Having been trained by engineers, Lineform.AI surveys satellite images to spot existing infrastructure such as culverts, signals, bridges and level crossings. With its understanding of a line’s constraints, and access to an in-depth database of electrification system standards, weather models and averaged construction costs, it then develops hundreds of electrification options for review by infrastucture specialists.
The AI tool can quickly run complex calculations that consider multiple interdependent variables such as wind speeds, span lengths, cable tensions and catenary height to optimise an overhead line system.
The Swiss-headquartered group says detailed AI analysis of the Perth to Aberdeen corridor led Network Rail to implement UK-wide changes in the way it designs electrification.
The latest work has looked at ScotRail’s Barrhead to Kilmarnock and Troon routes, helping shape early plans for upgrades provisionally planned to start in Control Period 8 from 2029.

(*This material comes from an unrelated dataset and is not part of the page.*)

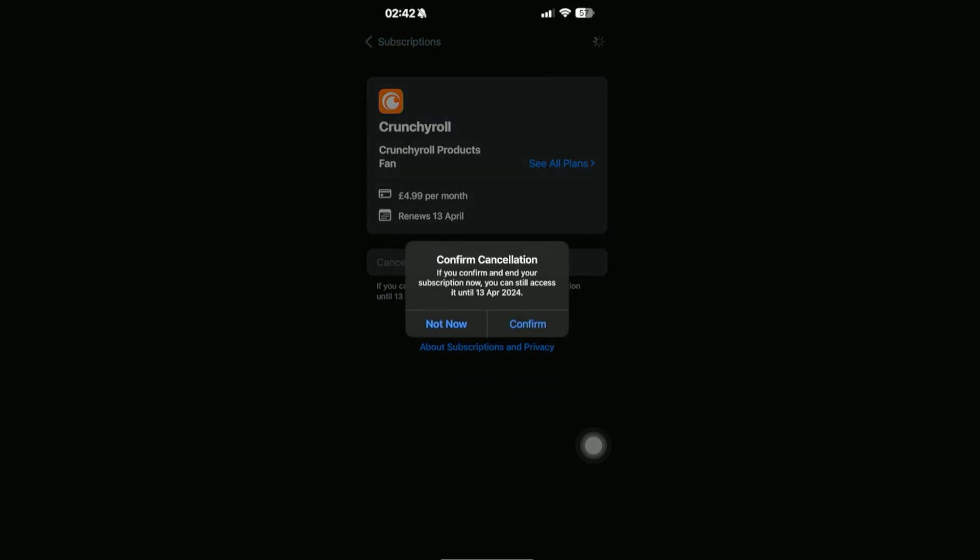And then this will confirm if you want to continue with the cancellation. When you're happy, you can go ahead and click on Confirm, and that will completely cancel out your subscription. Now it depends on the app that you're using,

Outside the UK it has been used to inform early design strategy for Dublin’s DART+ programme, and analysis is underway for various continental European routes.
Noel Dolphin, Head of UK Projects at Furrer+Frey, said ‘the Scottish case studies demonstrate how AI-enabled design can reduce cost and embodied carbon while increasing transparency and speed. What this really means is that ultimately, we will be able to deliver benefits to passengers sooner. We are using AI for good – to give engineers better data, not to replace engineers.’
Richard Stainton, Electrification Specialist at Network Rail, said ‘incremental gains in lowering the cost of electrification are how we make projects deliverable’.
Development of the tool was supported by Airbus Space & Defence and Network Rail, with funding from the UK Space Agency as well as the Department for Transport and Innovate UK’s 2025 First of a Kind competition.